Curriculum Learning Methods

Overview
Curriculum as a Continuation Method
Curricula and Autocurricula for RL

Overview

Curriculum Learning (CL) formalises ML and RL training strategies where examples are presented in an organised meaningful order illustrating gradually more and more complex concepts. It is hypothesized that CL has an effect on the speed of convergence of the training process and the quality of the local minima obtained. CL can be seen as a general strategy (a continuation method) for global optimisation of non-convex functions. Curriculum strategies appear on the surface as a regulariser (improving generalisation).

Curriculum as a Continuation Method

Continuation methods are global optimisation strategies that deal with minimising a non-convex criteria. We first optimise a smoothed objective and gradually consider less smoothing, with the intuition that a smooth version of the problem reveals the global picture. Say we have a single-parameter family of cost functions $C_{\lambda}(\theta)$, such that $C_0$ is a highly smoothed version of $C_1$, and can be optimised easily (maybe convex in $\theta$). Here $C_1$ is the actual criterion we wish to minimise. In continuation methods we would start with minimising $C_0(\theta)$, then gradually increase $\lambda$ while keeping $\theta$ at a local minimum of $C_{\lambda}(\theta)$. Hence, applying a continuation method to the problem of minimising a training criterion involves a sequence of training criteria, starting from $C_0$ and ending with the training criterion of interest $C_N$.
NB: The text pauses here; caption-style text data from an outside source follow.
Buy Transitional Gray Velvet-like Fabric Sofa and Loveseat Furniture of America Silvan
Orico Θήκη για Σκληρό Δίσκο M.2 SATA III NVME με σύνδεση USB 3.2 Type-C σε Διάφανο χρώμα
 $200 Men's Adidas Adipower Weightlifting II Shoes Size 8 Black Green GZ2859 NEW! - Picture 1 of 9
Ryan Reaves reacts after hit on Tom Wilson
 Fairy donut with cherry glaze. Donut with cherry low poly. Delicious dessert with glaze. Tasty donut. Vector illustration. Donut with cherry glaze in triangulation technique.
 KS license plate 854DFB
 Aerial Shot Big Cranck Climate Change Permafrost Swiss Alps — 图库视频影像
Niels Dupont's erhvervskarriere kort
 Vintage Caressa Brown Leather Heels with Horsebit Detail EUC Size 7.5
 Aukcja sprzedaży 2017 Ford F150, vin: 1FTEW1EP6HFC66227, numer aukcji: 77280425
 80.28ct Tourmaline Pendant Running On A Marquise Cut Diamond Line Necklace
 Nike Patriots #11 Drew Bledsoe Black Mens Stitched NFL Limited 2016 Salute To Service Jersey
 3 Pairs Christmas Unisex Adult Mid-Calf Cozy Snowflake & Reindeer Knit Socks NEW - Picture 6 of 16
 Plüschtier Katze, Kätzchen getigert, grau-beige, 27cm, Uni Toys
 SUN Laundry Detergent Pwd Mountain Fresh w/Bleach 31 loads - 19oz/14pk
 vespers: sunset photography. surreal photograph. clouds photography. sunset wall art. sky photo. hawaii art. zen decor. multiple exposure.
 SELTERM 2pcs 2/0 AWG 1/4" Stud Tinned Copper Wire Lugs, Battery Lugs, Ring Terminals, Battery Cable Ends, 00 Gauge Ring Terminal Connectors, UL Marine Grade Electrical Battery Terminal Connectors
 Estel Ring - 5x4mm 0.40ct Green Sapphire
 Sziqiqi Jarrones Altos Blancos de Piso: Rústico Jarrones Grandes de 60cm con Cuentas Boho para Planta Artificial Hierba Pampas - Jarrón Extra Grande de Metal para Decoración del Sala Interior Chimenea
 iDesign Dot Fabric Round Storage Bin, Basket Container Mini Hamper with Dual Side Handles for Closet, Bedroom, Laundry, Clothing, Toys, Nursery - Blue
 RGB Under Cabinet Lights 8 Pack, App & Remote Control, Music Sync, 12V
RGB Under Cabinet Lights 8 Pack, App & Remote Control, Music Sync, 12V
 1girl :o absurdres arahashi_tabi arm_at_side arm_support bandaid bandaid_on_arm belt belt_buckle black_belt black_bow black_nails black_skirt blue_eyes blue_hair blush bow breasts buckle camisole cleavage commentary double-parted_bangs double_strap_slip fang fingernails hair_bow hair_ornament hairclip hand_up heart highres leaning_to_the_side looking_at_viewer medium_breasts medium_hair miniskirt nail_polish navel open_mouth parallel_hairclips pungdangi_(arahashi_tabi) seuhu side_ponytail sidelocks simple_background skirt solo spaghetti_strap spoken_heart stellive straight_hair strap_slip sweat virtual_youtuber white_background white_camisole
At an abstract level CL can be seen as a sequence of training criteria, where each criterion in the sequence is associated with a different set of weights on the training examples (more generally reweighting of the training distribution). At each training criterion we slightly change the weighting of examples to increase the probability of sampling sligtly more difficult examples. At the end the reweighting of examples is uniform, and we train on the target training set and distribution. Let $z$ be a random example for the learner (i.e. $(x, y)$ pair for supervised learning), $P(z)$ the target training distribution from which the learner should ultimately learn a function of interest. Let $0 \leq W_{\lambda}(z) \leq 1$ be the weight applied to example $z$ at step $\lambda$ with $0 \leq \lambda \leq 1$, and $W_1(z) = 1$. The corresponding training distribution at step $\lambda$ is:

\[Q_{\lambda}(z) \propto W_{\lambda}(z) P(z) \ \ \ \forall z\] \[\int Q_{\lambda}(z) dz = 1\] \[Q_1(z) = P(z) \ \ \ \forall z\]

We call the corresponding distributions of $Q_{\lambda}$ a curriculum if the entropy of these distribution increases and $W_{\lambda}(z)$ is monotonically increasing in $\lambda$. Note that here the entropy $H(Q_{\lambda})$ measures how broad or diverse the training distribution is.

\[H(Q_{\lambda}) < H(Q_{\lambda + \epsilon}) \ \ \ \forall \epsilon > 0\] \[W_{\lambda + \epsilon}(z) \geq W_{\lambda}(z) \ \ \ \forall z, \forall \epsilon > 0\]

Curricula and Autocurricula for Reinforcement Learning

There are several important categories of curriculum learning, most are applied to reinforcement learning with a few exceptions on supervised learning. More specifically, task-specific, teacher-guided, self-play, automatic goal generation, skill-based, and distillation based curriculum learning methods.

Task-Specific Curriculum

Bengio et al., 2009 presents two ideas using manually designed task-specific curriculum (introducing gradually more difficult examples). The author also hypothesizes it would be beneficial to make learning focus on “interesting” examples that are neither too hard or too easy.

To train the model on samples with gradually increasing level of complexity, we need to quantify the difficulty of the tasks involved. Minimal loss with respect to another model can be used, transfering the knowledge of the pretrained model to the new model by suggesting a rank of training samples. Similarly, we can also develop our own metrics of difficulty depending on the problem. For example, Zaremba & Sutskever 2014 defined their Python program’s (their model input/task) based on code length and nesting. Note that the order of tasks does not have to be sequential. For example, Weng et al., 2019 used Automatic Domain Randomisation (ADR) to generate a curriculum by growing a distribution of environments with increasing complexity.

Teacher-Guided Curriculum

Teacher-guided curriculum can be classified as an automatic curriculum learning. The original work by Graves et al., 2017 implemented this considering an N-task curriculum as an N-armed bandit problem along with an adaptive policy which learns to optimise the returns from this bandit. They considered two types of learning signals; (1) loss-driven progress, and (2) complex-driven progress that is the KL divergence between posterior and prior distribution over network weights (model complexity is expected to increase most in reponse to model nicely generalising to training examples).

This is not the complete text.